-- RECORDS PROVIDED --

:::

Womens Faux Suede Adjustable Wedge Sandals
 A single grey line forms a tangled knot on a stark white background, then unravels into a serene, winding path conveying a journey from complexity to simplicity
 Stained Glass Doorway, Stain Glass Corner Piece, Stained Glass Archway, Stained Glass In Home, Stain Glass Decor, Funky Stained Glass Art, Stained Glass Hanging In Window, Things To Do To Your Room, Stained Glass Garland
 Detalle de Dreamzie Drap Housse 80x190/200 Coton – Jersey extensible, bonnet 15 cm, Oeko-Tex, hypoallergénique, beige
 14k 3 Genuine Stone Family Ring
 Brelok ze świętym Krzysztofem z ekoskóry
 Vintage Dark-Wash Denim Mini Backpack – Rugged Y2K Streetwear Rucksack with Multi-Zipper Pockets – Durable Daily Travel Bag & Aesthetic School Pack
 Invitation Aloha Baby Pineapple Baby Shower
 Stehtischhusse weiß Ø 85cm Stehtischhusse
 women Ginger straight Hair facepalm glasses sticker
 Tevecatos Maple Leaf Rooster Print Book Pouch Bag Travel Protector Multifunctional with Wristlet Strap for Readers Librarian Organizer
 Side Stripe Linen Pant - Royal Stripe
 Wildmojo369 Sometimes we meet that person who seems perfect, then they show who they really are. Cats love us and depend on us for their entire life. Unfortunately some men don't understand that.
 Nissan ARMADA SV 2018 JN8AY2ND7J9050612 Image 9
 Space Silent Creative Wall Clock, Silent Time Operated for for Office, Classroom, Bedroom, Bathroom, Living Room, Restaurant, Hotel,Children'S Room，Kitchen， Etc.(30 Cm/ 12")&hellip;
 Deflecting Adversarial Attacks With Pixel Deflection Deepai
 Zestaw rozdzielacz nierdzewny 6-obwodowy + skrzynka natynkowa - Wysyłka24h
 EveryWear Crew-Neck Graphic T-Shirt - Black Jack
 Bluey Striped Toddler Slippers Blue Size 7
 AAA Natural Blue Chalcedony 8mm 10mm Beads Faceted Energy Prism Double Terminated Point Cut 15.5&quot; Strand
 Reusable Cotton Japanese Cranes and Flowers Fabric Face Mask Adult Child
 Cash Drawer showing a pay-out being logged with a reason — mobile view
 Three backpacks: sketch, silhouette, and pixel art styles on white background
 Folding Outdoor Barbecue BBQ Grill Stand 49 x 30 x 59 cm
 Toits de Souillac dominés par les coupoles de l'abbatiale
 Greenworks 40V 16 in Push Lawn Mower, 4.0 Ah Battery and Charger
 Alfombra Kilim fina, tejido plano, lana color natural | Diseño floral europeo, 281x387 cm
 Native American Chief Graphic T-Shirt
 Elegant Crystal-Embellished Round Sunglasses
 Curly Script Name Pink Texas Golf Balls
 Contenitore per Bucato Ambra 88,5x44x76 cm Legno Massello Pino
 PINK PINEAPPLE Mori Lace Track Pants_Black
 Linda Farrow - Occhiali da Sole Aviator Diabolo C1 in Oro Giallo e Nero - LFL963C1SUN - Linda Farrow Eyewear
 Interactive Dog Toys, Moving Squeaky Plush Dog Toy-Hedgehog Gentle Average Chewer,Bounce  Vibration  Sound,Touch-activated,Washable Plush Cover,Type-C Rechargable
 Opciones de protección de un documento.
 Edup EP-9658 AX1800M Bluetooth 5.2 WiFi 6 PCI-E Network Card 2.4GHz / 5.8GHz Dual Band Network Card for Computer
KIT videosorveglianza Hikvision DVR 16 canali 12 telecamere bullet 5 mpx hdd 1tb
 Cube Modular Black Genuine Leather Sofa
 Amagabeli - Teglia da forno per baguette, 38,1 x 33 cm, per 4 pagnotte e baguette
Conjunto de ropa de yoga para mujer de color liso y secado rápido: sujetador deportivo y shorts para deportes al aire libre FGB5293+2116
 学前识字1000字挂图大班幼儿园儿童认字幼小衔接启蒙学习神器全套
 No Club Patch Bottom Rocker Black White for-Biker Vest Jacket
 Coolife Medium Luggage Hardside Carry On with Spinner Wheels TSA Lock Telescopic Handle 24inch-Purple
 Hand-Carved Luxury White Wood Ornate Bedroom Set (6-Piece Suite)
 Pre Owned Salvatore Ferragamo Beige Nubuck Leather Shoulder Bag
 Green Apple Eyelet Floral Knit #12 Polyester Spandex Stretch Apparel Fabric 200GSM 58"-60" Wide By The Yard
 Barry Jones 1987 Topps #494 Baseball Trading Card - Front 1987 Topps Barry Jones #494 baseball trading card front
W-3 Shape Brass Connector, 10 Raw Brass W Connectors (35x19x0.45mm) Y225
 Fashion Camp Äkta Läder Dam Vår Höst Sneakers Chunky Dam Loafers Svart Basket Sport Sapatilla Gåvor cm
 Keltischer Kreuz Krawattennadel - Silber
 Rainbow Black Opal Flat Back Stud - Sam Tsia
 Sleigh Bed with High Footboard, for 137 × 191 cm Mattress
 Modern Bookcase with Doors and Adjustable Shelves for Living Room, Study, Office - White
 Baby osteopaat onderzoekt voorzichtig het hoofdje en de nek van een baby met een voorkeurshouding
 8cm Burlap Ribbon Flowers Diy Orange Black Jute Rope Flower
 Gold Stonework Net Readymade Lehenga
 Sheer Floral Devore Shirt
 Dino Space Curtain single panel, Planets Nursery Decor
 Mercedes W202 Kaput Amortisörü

:::

-- TASK TO CARRY OUT --
When you reach the line in the material above that holds "Pre Owned Salvatore", begin reproducing lines exactly, and stop after the line that holds "Dino Space Curtain".

-- OUTPUT FOR THIS TASK --
 Pre Owned Salvatore Ferragamo Beige Nubuck Leather Shoulder Bag
 Green Apple Eyelet Floral Knit #12 Polyester Spandex Stretch Apparel Fabric 200GSM 58"-60" Wide By The Yard
 Barry Jones 1987 Topps #494 Baseball Trading Card - Front 1987 Topps Barry Jones #494 baseball trading card front
W-3 Shape Brass Connector, 10 Raw Brass W Connectors (35x19x0.45mm) Y225
 Fashion Camp Äkta Läder Dam Vår Höst Sneakers Chunky Dam Loafers Svart Basket Sport Sapatilla Gåvor cm
 Keltischer Kreuz Krawattennadel - Silber
 Rainbow Black Opal Flat Back Stud - Sam Tsia
 Sleigh Bed with High Footboard, for 137 × 191 cm Mattress
 Modern Bookcase with Doors and Adjustable Shelves for Living Room, Study, Office - White
 Baby osteopaat onderzoekt voorzichtig het hoofdje en de nek van een baby met een voorkeurshouding
 8cm Burlap Ribbon Flowers Diy Orange Black Jute Rope Flower
 Gold Stonework Net Readymade Lehenga
 Sheer Floral Devore Shirt
 Dino Space Curtain single panel, Planets Nursery Decor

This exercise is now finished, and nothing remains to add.